## EXERCISE DATA
======
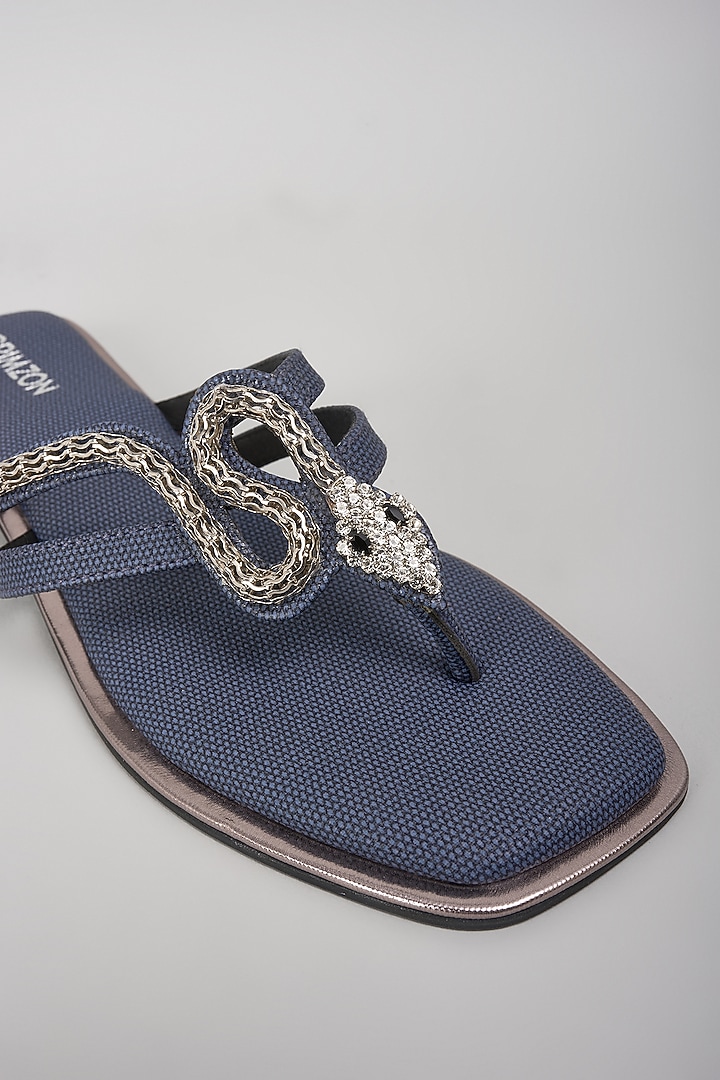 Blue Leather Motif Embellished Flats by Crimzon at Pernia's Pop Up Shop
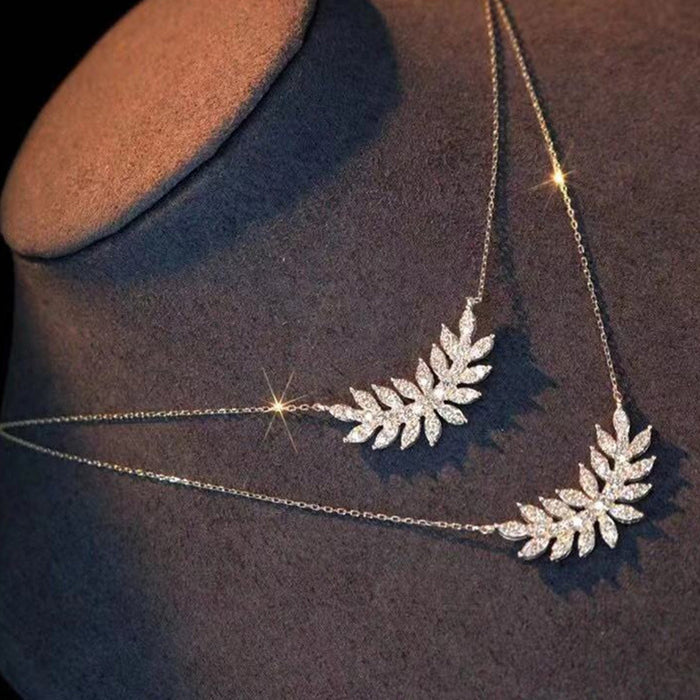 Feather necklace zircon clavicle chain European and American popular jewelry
======
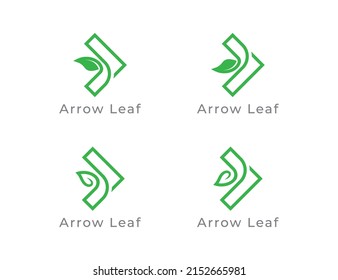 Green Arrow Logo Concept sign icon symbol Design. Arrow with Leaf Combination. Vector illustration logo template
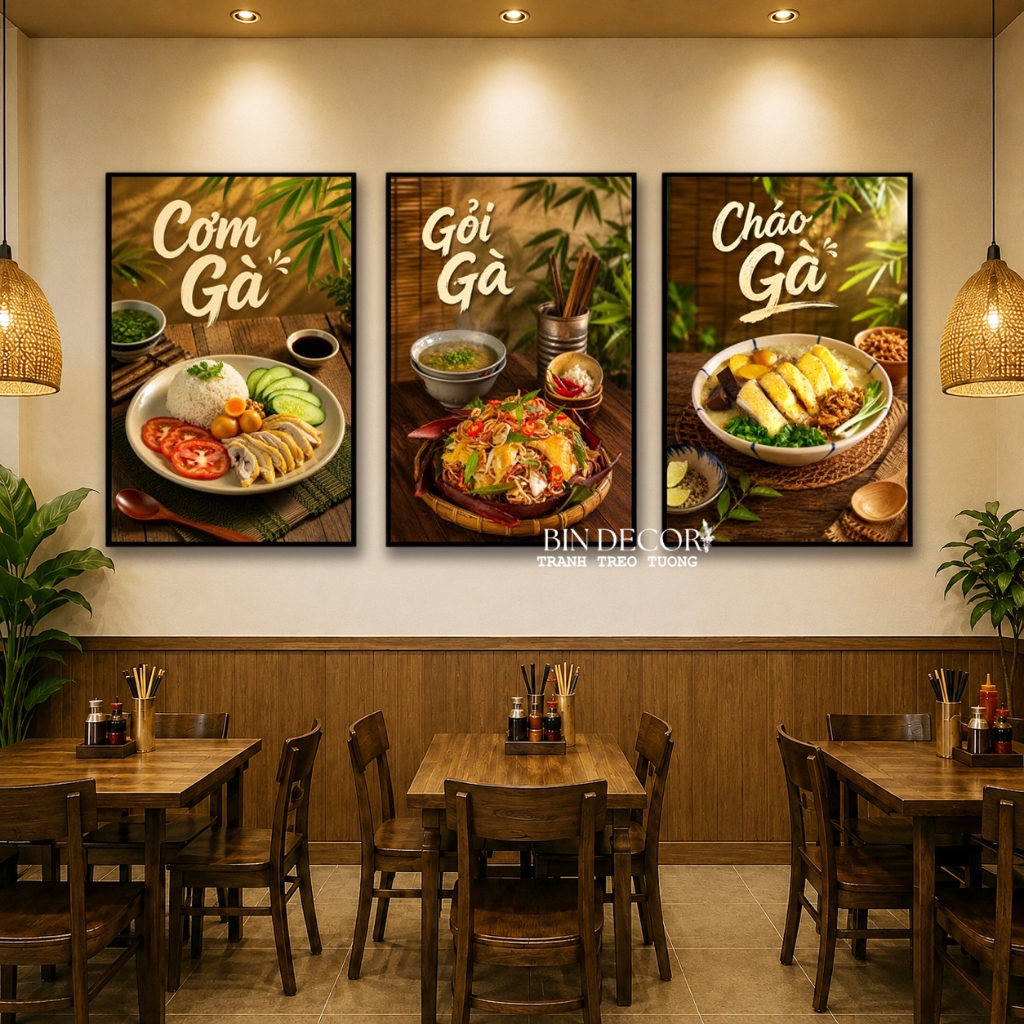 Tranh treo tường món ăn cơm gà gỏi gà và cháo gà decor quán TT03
======
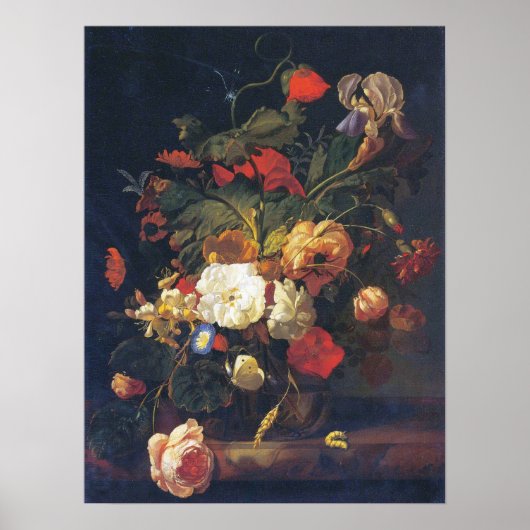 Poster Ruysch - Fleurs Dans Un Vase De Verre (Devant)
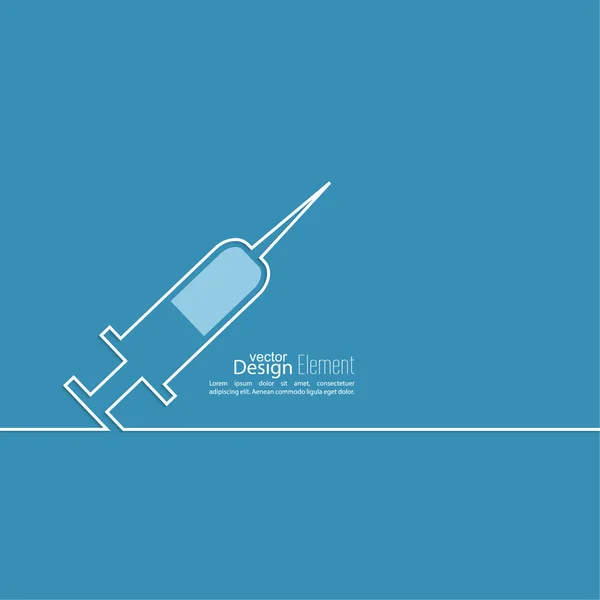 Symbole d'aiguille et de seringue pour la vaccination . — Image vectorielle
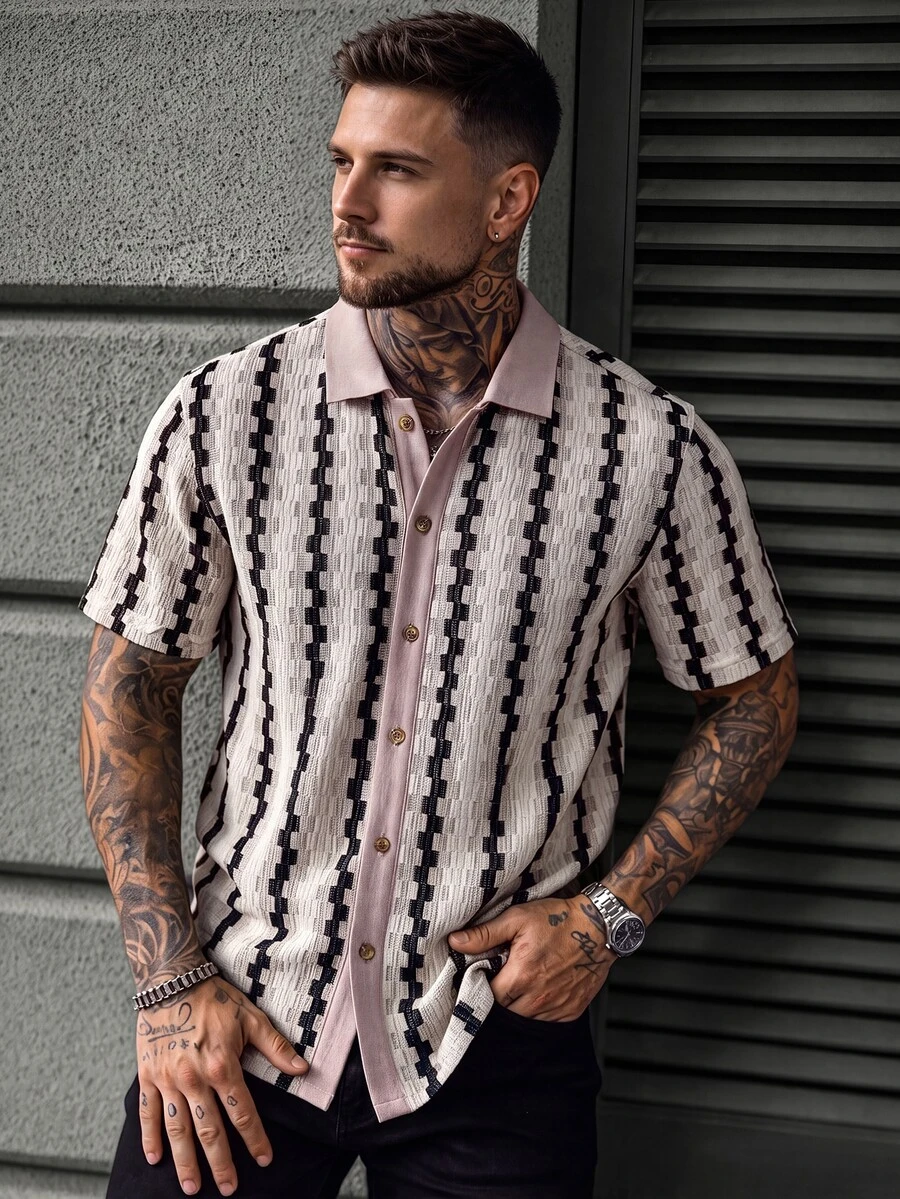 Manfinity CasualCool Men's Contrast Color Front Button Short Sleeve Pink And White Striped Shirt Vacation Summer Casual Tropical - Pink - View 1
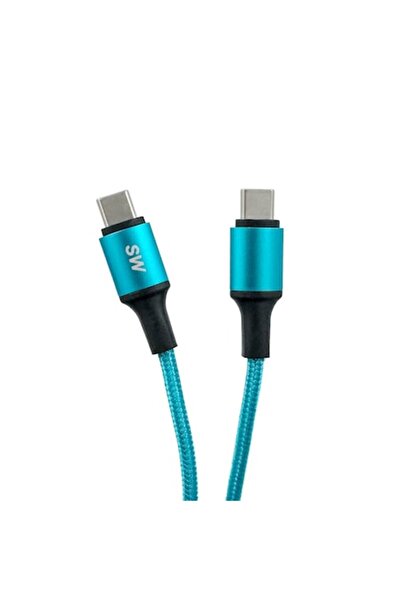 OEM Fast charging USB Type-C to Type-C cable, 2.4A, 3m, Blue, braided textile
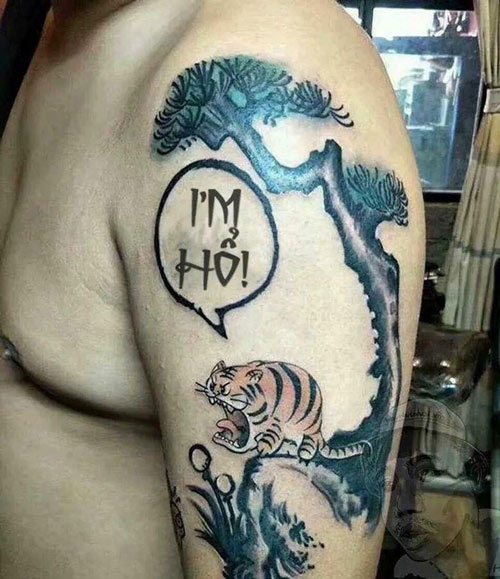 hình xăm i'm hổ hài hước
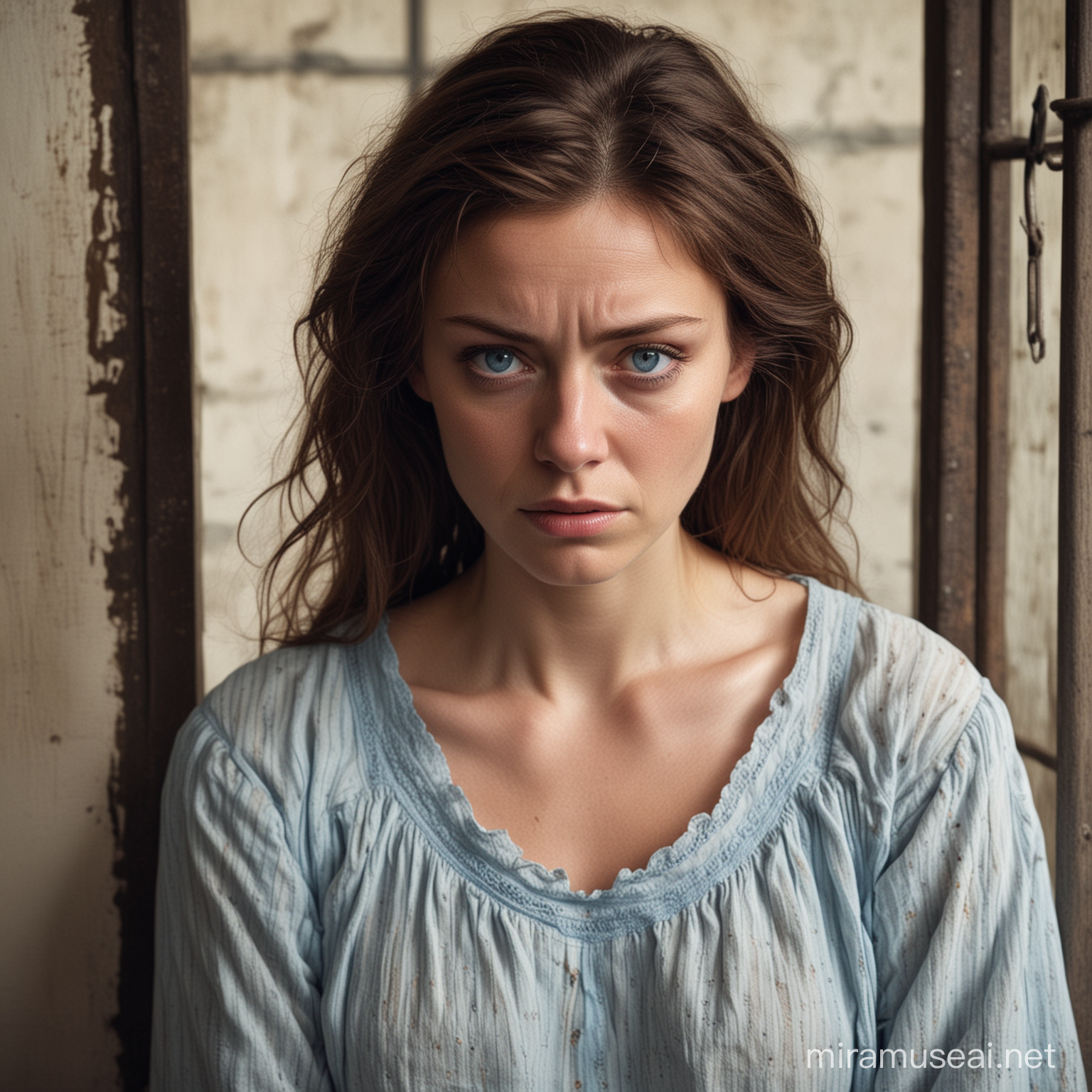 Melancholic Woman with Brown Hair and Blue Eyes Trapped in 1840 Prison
======
## TASK DIRECTIONS
Exactly reproduce the lines above, starting at the one that contains "hình xăm i'm hổ hài hước" and ending at the one that contains "Melancholic Woman with", both inclusive; leave the pictures out and add no other lines.

## SOLUTION
 hình xăm i'm hổ hài hước
 Melancholic Woman with Brown Hair and Blue Eyes Trapped in 1840 Prison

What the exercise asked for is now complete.